Senior fellow Charles Kenny's weekly article in Foreign Policy on the Democratic Republic of Congo.
From the Article
After more than 100 years of abuse, the Democratic Republic of the Congo is surely the most dysfunctional country on the planet. It started the 20th century under Belgium's King Leopold II, who oversaw the deaths of millions through exploitation and disease in what was then his personal fiefdom of the Congo Free State, a tyranny made notorious by Joseph Conrad's Heart of Darkness. Independence in 1960 was accompanied by a vicious civil war and, soon after, the CIA-backed rule of Mobutu Sese Seko, one of the most kleptocratic leaders in world history.

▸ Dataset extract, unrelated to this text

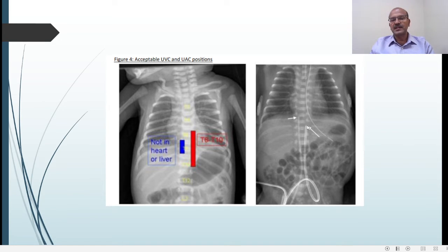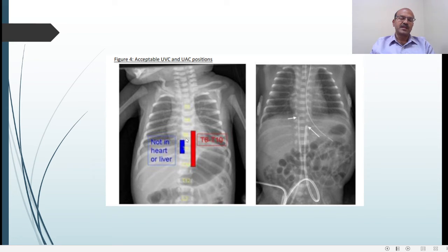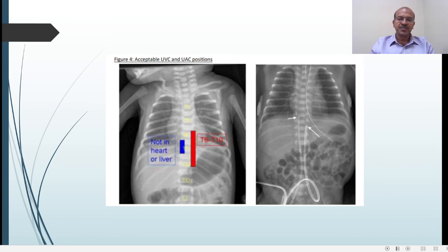The UAC is ideally positioned around T8 to T9. To count vertebral levels on x-ray, identify the 12th rib and the carina — usually at T4 — and the clavicle attachment as landmarks. T6 to T10 is ideal for the UVC, and T8 to T9 for the UAC. It should be going straight up and preferably not above the diaphragm, though lung inflation can affect this. It is good practice to repeat the x-ray after 24 to 48 hours to confirm no migration, and catheter position should be checked with every shift. I hope this short video is useful — thank you.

Mobutu's presidency ended in 1997 amid renewed civil conflict, which in the decade that followed killed somewhere between 1.8 million to 5.4 million people (the number is subject to dispute). The social disintegration that accompanied the war has bordered on the medieval. In South Kivu province last year, as many as 40 women were raped every day, and one in 10 of them contracted HIV as a result. Last week, the country was declared the second-worst place in the world to be a woman -- one place behind Afghanistan -- by TrustLaw, an NGO that tracks governance and women's legal rights.

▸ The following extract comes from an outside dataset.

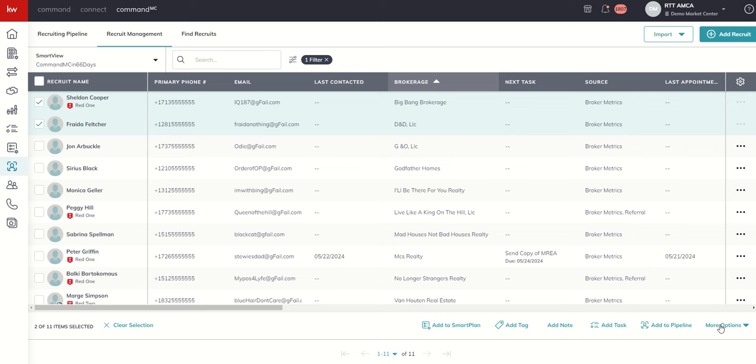Or we could choose more options, and we could bulk assign recruits to a specific member of our leadership team. Or we talked yesterday about archiving one recruit at a time. You actually have the ability to bulk archive recruits as well, several recruits at a time.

Given that history, it is perhaps unsurprising that, according to data from the late economist Angus Maddison, the country was one of only three in the world to see its economy shrink over the past 40 years (the other two were North Korea and Iraq). National output was $16.7 billion in 1970; it was $16.6 billion in 2008. This occurred while the population climbed from 22 million to 67 million people, leaving income per capita only a third of its level in 1970. Between 1990 and 2007 alone, World Bank data suggests that the proportion of the population living on less than $1 a day -- absolute poverty -- increased from 60 to 71 percent. Today the average income is around 68 cents a day, which means most people are living for a week on the price of one McDonald's Happy Meal. In fact, Maddison's estimates suggest that at no point since 1820 has anywhere in the world been as poor as the Congo has been in the past few years.